三井松島HD Research Memo(9):累進配当を基本方針とし持続的な増配を目指す
*12:09JST 三井松島HD Research Memo(9):累進配当を基本方針とし持続的な増配を目指す
■株主還元策
三井松島ホールディングス<1518>は、株主に対する利益還元を経営上の重要課題の1つとして位置付けており、将来の成長投資や経営環境の変化に対応するために内部留保を確保しながら、業績に応じた株主還元を継続的に実施することを基本方針としている。2026年3月期の1株当たり年間配当金は前期比38.0円増配の64.0円(配当性向43.2%)となり、業績拡大を背景とした積極的な利益還元を実施した。また、2027年3月期については前期比10.0円増配の年間74.0円(配当性向40.9%)を予想している。

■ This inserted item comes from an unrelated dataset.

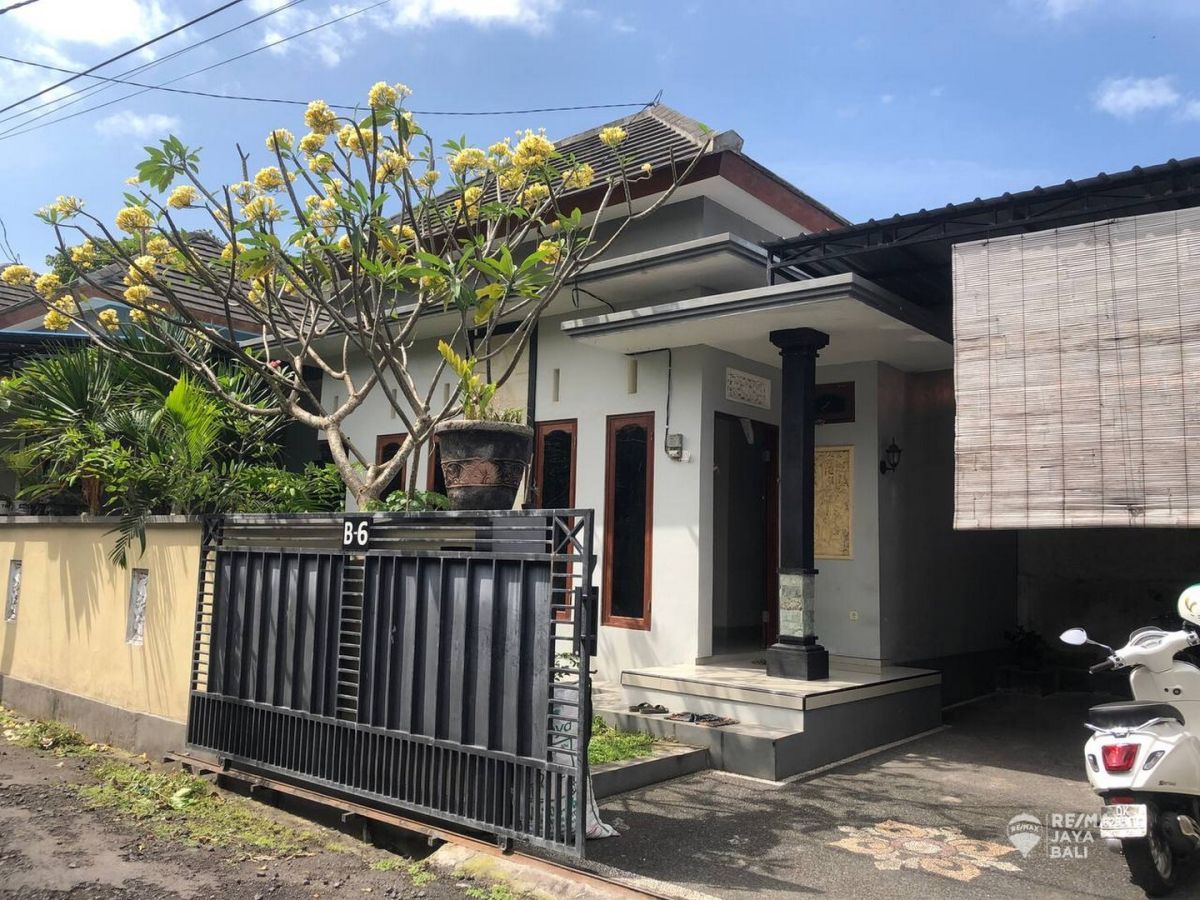 Rumah 1lantai dijual area Ubung Kaja, Denpasar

株主還元の強化は配当だけにとどまらない。同社は経営戦略2024においてM&A投資と株主還元を資本配分の両輪として位置付け、2026年3月までに247億円の株主還元を実施した。特に大規模な自己株式取得については、石炭事業からの事業ポートフォリオ転換と収益基盤強化を進めてきた一連の経営戦略の延長線上にある施策である。前中期経営計画において石炭事業への依存から脱却し、経営戦略2024を通じて安定的に当期純利益50億円超を創出できる収益基盤を当初計画より1年前倒しで構築した。こうした収益力の向上を背景に、石炭事業で得られた利益の一部を株主へ還元する意味合いも込めて自己株式取得を実施したとしている。

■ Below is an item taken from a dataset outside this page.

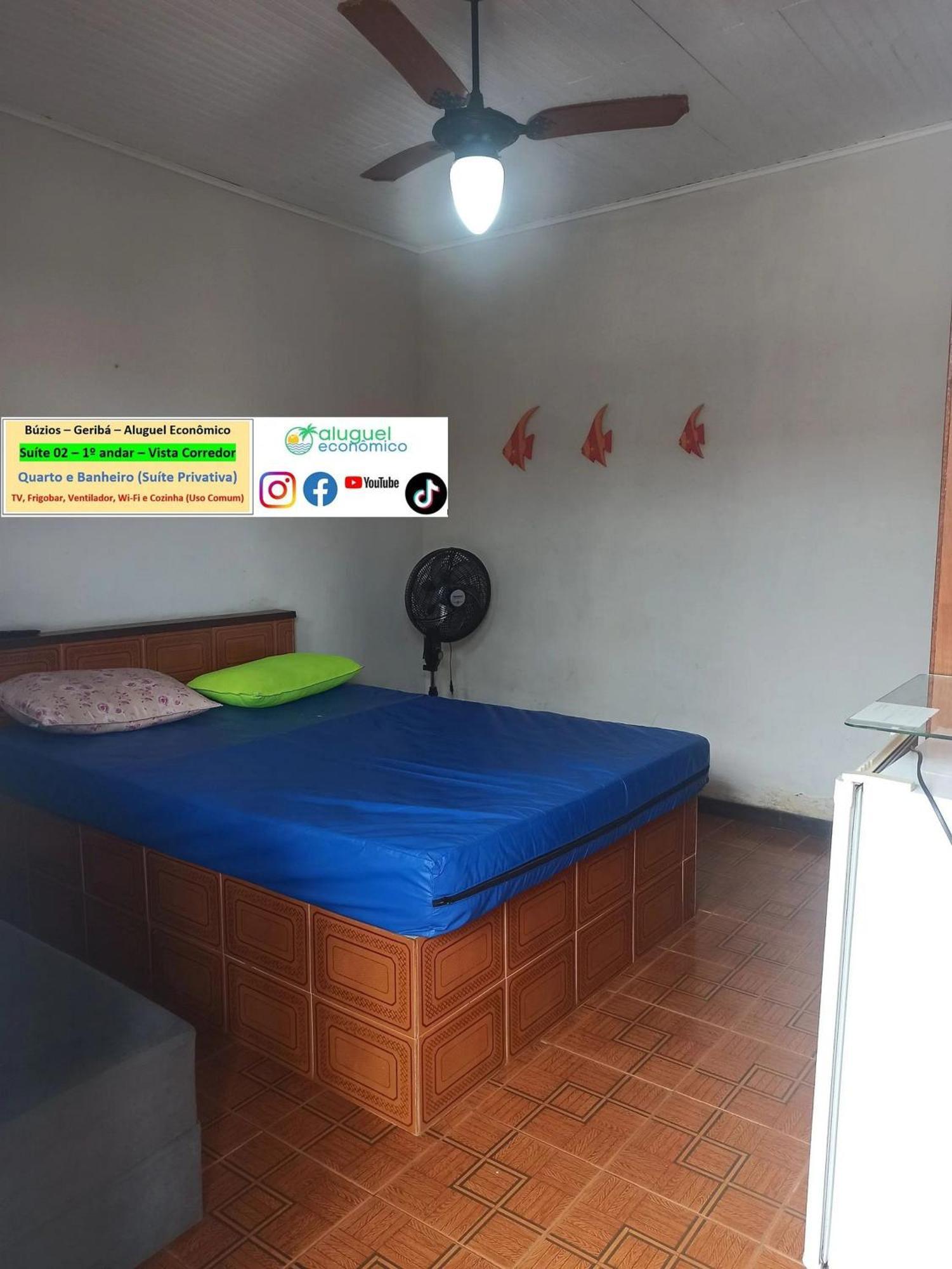 Buzios - Geriba - Suites - Aluguel Economico Exterior foto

さらに、中期経営計画2030では累進配当を株主還元の基本方針として打ち出した。利益成長と株主還元の連動性を従来以上に強く意識した方針となっている。今後も積極的なM&Aによる事業の拡大と継続的な株主還元を両立させ、中長期的な株主価値向上を目指す。

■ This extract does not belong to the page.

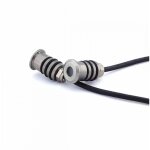 Spot encastrable ext�rieur de sol rond led d15 0, 2w ip68 inox hors transfo zambelis - 45 deg - blanc ...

株主優待制度についても積極的な展開を続けている。2026年3月31日時点における株主に対する優待の内容は以下であった。具体的には、HANABISHIのオーダースーツお仕立てギフト券(10,000円分)、オーダーシャツお仕立てギフト券(2,000円分)、レストラン優待券(3,000円分)、さらに株式会社ケイエムテイが提供するプレミアムペットフード優待券など、多様な優待内容となっている。なお、2026年9月30日時点の株主に対しては、HANABISHIのオーダー製品が20%割引となる特別割引クーポンが贈呈される。株主優待制度については、年間を通して株主に対する優待提供の機会が拡充され、長期保有を促す施策としても機能していると弊社では考えている。